# what do you think this could be?



## vwgtimk41088 (Nov 1, 2007)

This thread is for a kid at work as he was telling me what his car was doing.
he said that it he thinks it is chipped and so did all the dealerships he has brought it to to try to figure out what is wrong.
he told me once the car gets to 3800 rpms it seems like it looses power and stops pulling but doesnt run wierd other than that and he doesnt have any engine codes. 
i know its limited info and if you ahve questions you need answers to let me know and ill ask him.

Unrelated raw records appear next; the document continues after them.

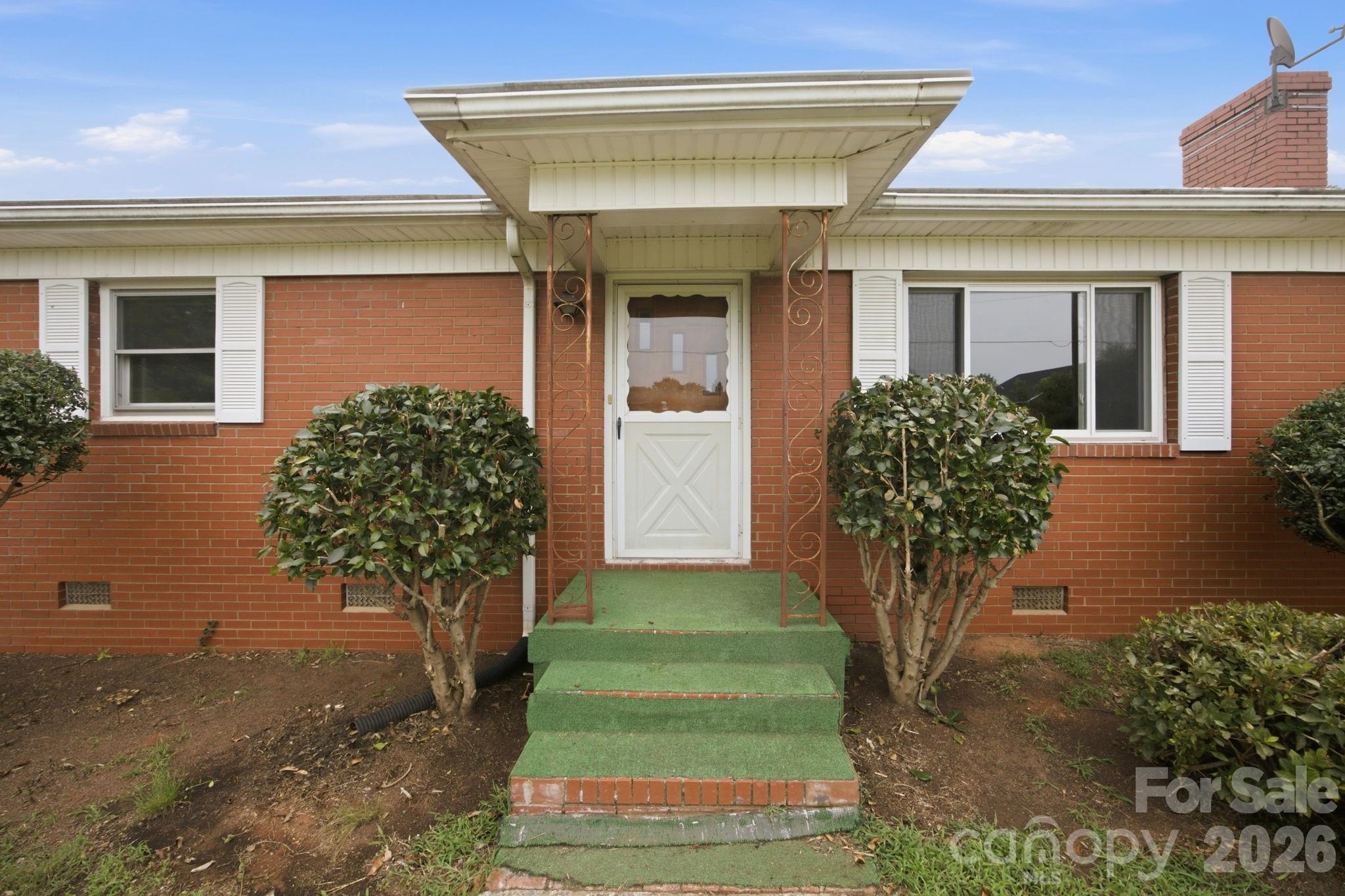 144 Rockwell Loop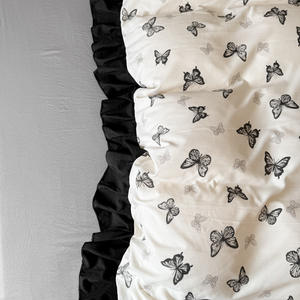 Ensemble housse de <span class=keywords><strong>couette</strong></span> à volants King Size 100% coton housse de <span class=keywords><strong>couette</strong></span> gothique noir <span class=keywords><strong>papillon</strong></span> imprimé housse de <span class=keywords><strong>couette</strong></span> avec fermeture à glissière - Product Image 5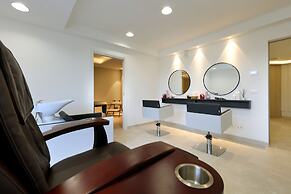 The Signature Level at Grand Palladium Sicilia Resort & Spa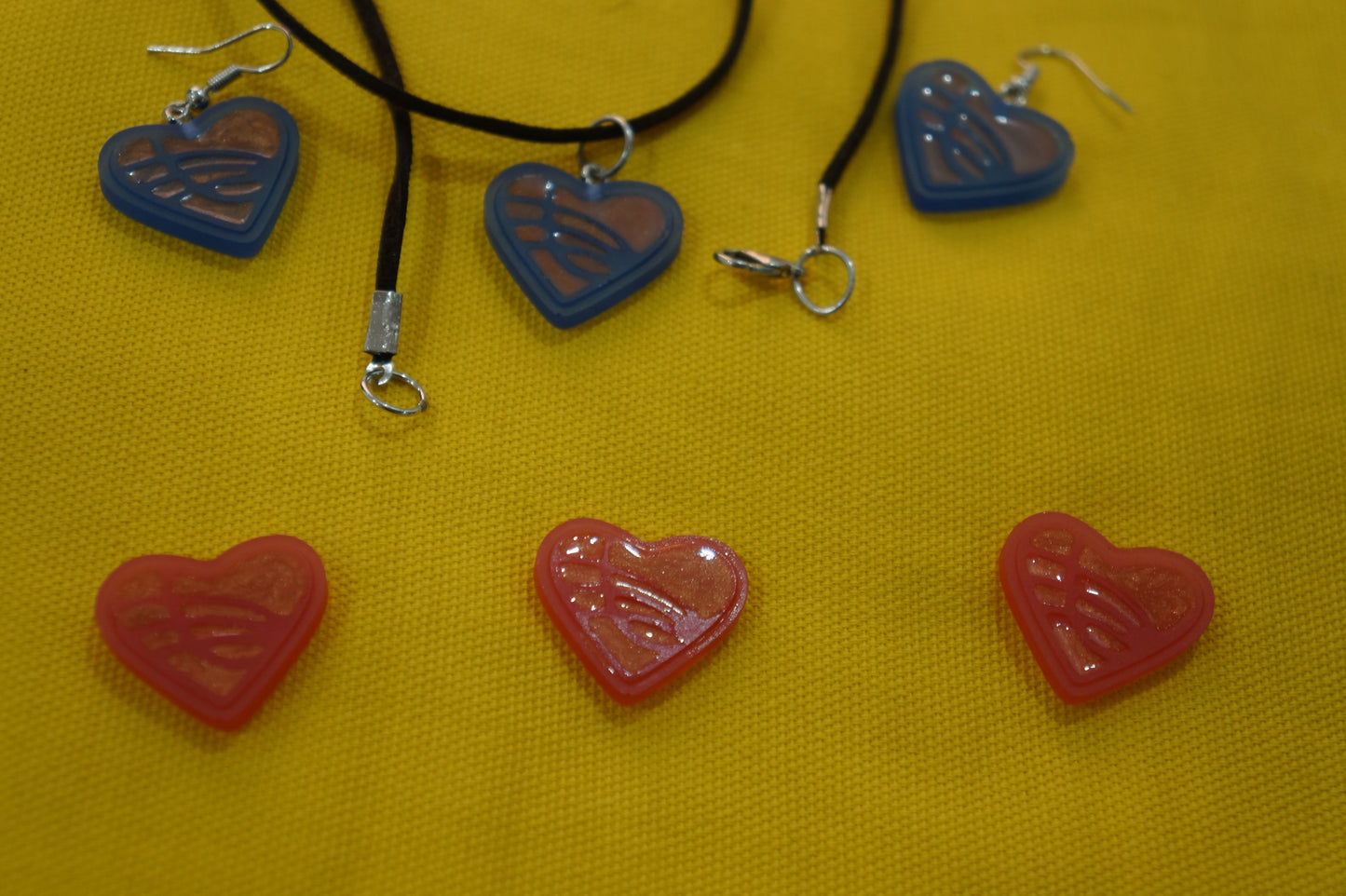 Set “Corazón Artesanal” en Resina Pintada a Mano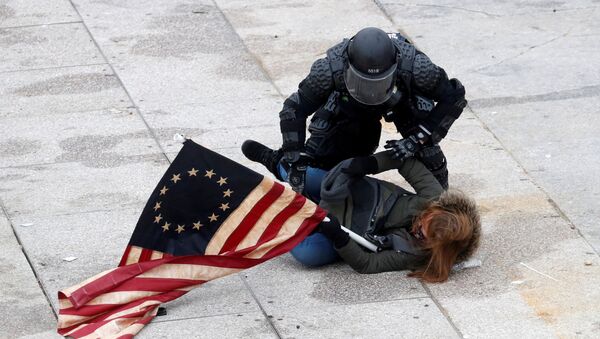 Cảnh sát bắt giữ một người biểu tình bên ngoài Quốc hội ở Washington DC - Sputnik Việt Nam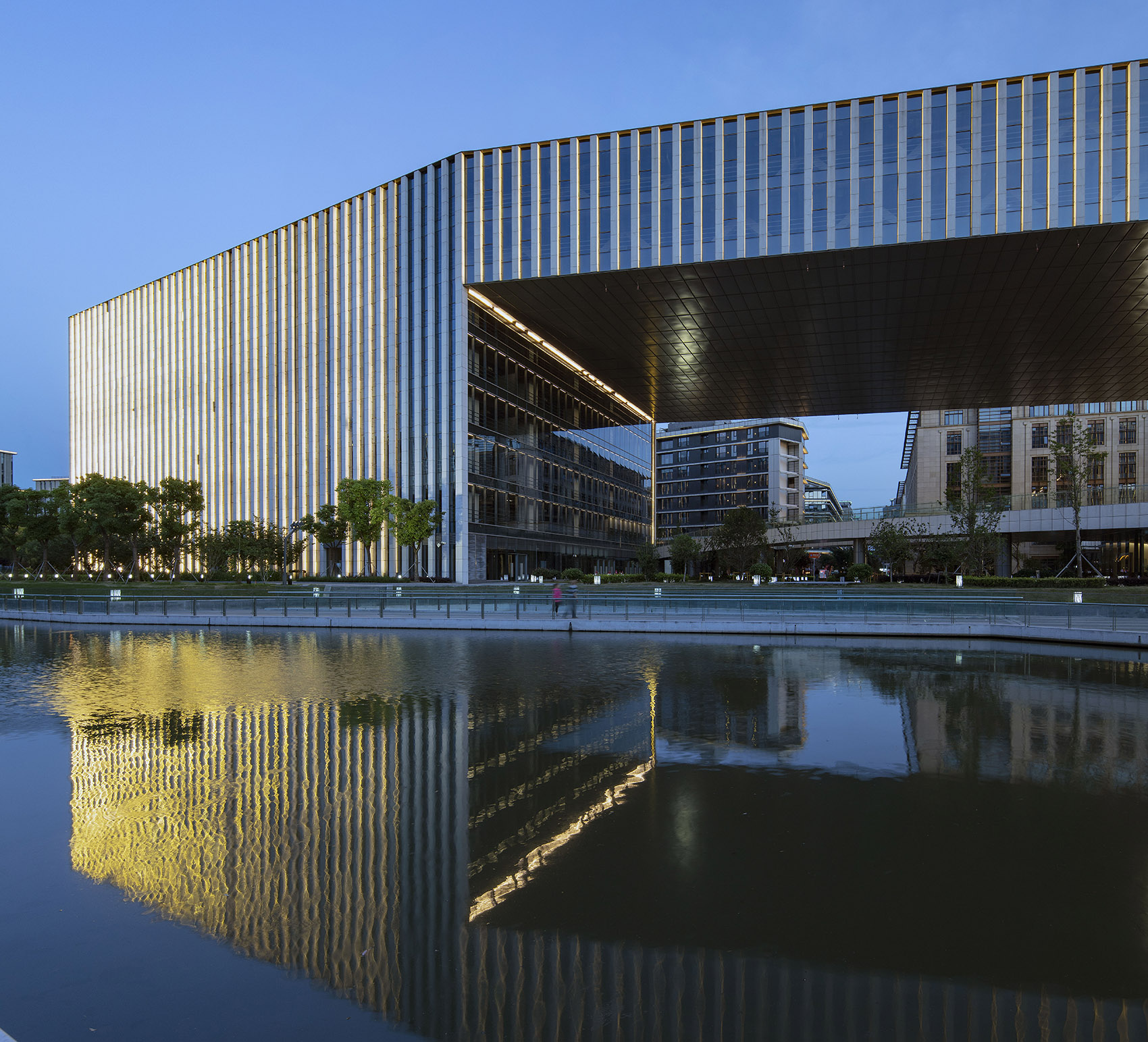 shanghai kingboard centre by aedas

what do you think it could be? im not really sure how the bi-turbo system works on these as ive mainly dealt with VW's.


----------



## sheimbach (Mar 12, 2006)

could be blown turbo, i had one that didnt set a cel


----------



## pendulum (Apr 29, 2001)

*Re: (sheimbach)*


_Quote, originally posted by *sheimbach* »_could be blown turbo, i had one that didnt set a cel

x2
sounds like the ECU is throttling down the power if it isn't mechanical.... sounds like it might be a turbo.


----------



## Massboykie (Aug 15, 2006)

*Re: what do you think this could be? (vwgtimk41088)*

If he does have a CEL, I would still VAG-COM the car to see if there are any other codes set.
I assume they did a pressure check? Could it perhaps be leaking boost?
Does it happen all the time or every now and then?
Cheers
Massboykie


----------



## vwgtimk41088 (Nov 1, 2007)

i drove the car today and it happens mainly in third gear, and everyonce in a while when you get on it and the abs and esp lights come on. Those two lights on at the sametime usually means the MAF is malfunctioning. He said he has replaced it twice.
i told him to do a tune up, clean the maf and to get a boost gauge. 
it seems like it just dies, it starts to spool and you feel the boost and then it stops pulling as hard as it was. It wierd and seeing i dont have a vag-com i cant do any logs to see what is going on.


----------



## pendulum (Apr 29, 2001)

i have a VAG COM, but am nowhere near you.... but this is a weird problem. please do keep us updated. http://****************.com/smile/emthup.gif


----------



## sheimbach (Mar 12, 2006)

yeah we are replacing the turbos is some kids a6 right now, it sucks, entire engine has to come out, hello 6000 dollar bill


----------



## pendulum (Apr 29, 2001)

*Re: (sheimbach)*


_Quote, originally posted by *sheimbach* »_yeah we are replacing the turbos is some kids a6 right now, it sucks, entire engine has to come out, hello 6000 dollar bill

might as well upgrade the turbos if you're replacing them... aftermarket upgrades cost as much as OEM ones unless you're getting a deal or used turbos. http://****************.com/smile/emthup.gif


----------



## sheimbach (Mar 12, 2006)

we get a excellent deal on the ko3 turbos but to get ko4 would have been substantially more, only one turbo went and it took us days to convince him to at least replace both stock turbos


----------



## OWENthatsmyname (Feb 27, 2007)

throttle body boot
same thing happened to mine, it has a tiny tear in it.
get a samco (~$50) or just an OEM one but they dont last too long (~$15)


----------



## vwgtimk41088 (Nov 1, 2007)

thanks owen ill let him know. have you had any window trouble?


----------



## OWENthatsmyname (Feb 27, 2007)

nope no window problems yet,
o yea if you wanna check the throttle body boot, get some soapy water and put itll all over the boot with the car running. if it starts bubbling there is def a leak.
the throttle body boot is the rubber connector thingy under the plasting engine cover closest to the front of the car.


----------